• _WORK REQUEST_
From the line containing "Maxtrix Twin Mid" to the last line of the listing, both included, copy every line exactly and drop the pictures.

• _RECORDED INFORMATION_
_ _ _ _ _ _ _
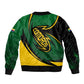 Comoros Bomber Jacket - Green Black Yellow Swirl Design and National Emblem Pattern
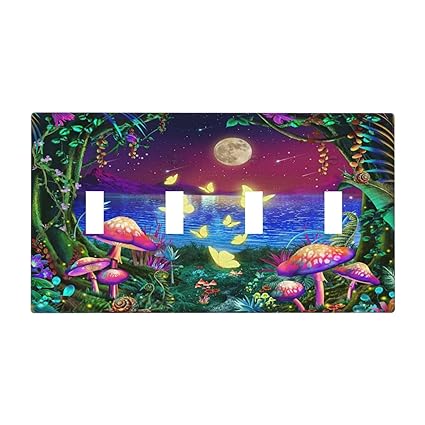 Fantasy Forest Mushroom Butterfly Moon Quad Toggle Light Switch Cover Decorative 4 Gang Wall Plate Covers Electrical Faceplate Switchplate for Bathroom Bedroom Living Room Kidroom Nursery Decor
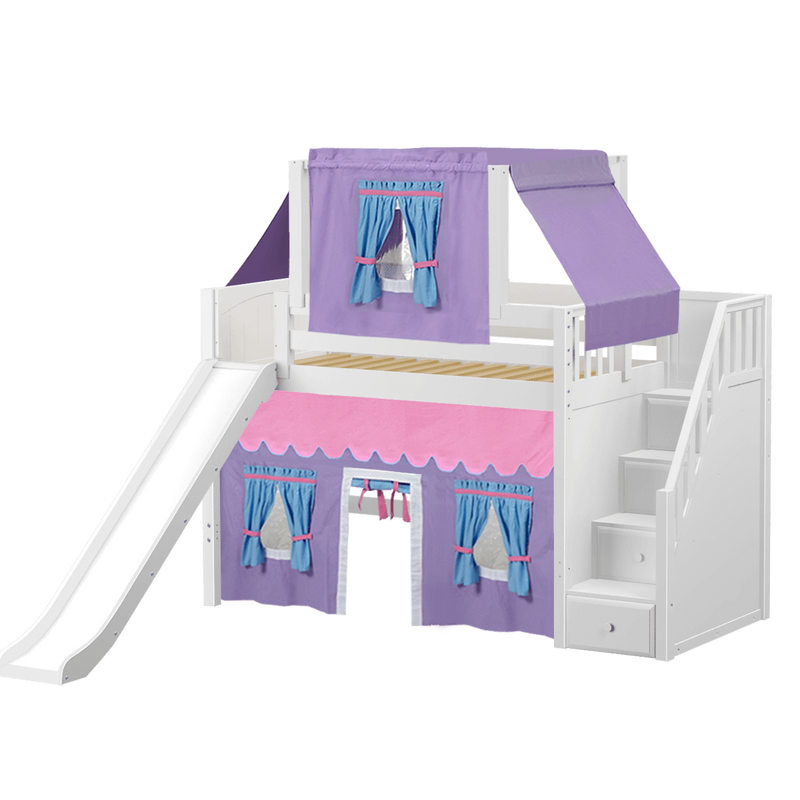 Maxtrix Twin Mid Loft Bed with Stairs, Curtain, Top Tent + Slide
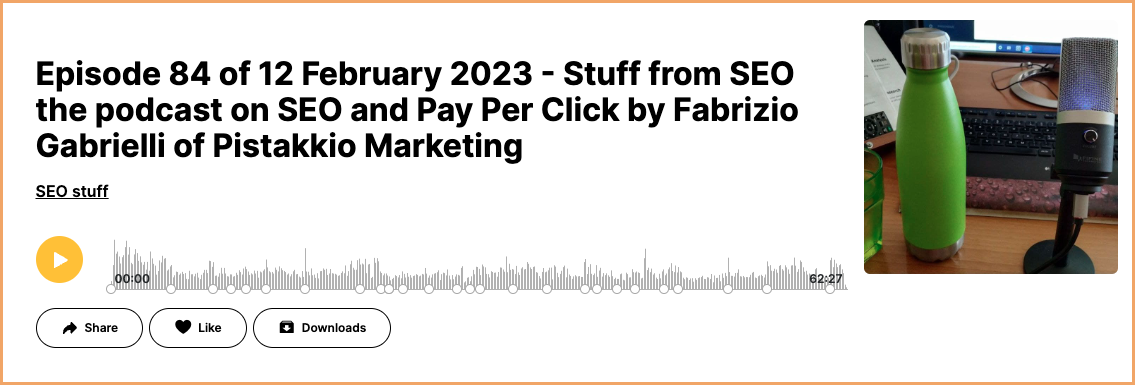 SurgeGraph Rebranding Being Covered in an Italian SEO Podcast.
_ _ _ _ _ _ _
• _RESPONSE BELOW_
 Maxtrix Twin Mid Loft Bed with Stairs, Curtain, Top Tent + Slide
 SurgeGraph Rebranding Being Covered in an Italian SEO Podcast.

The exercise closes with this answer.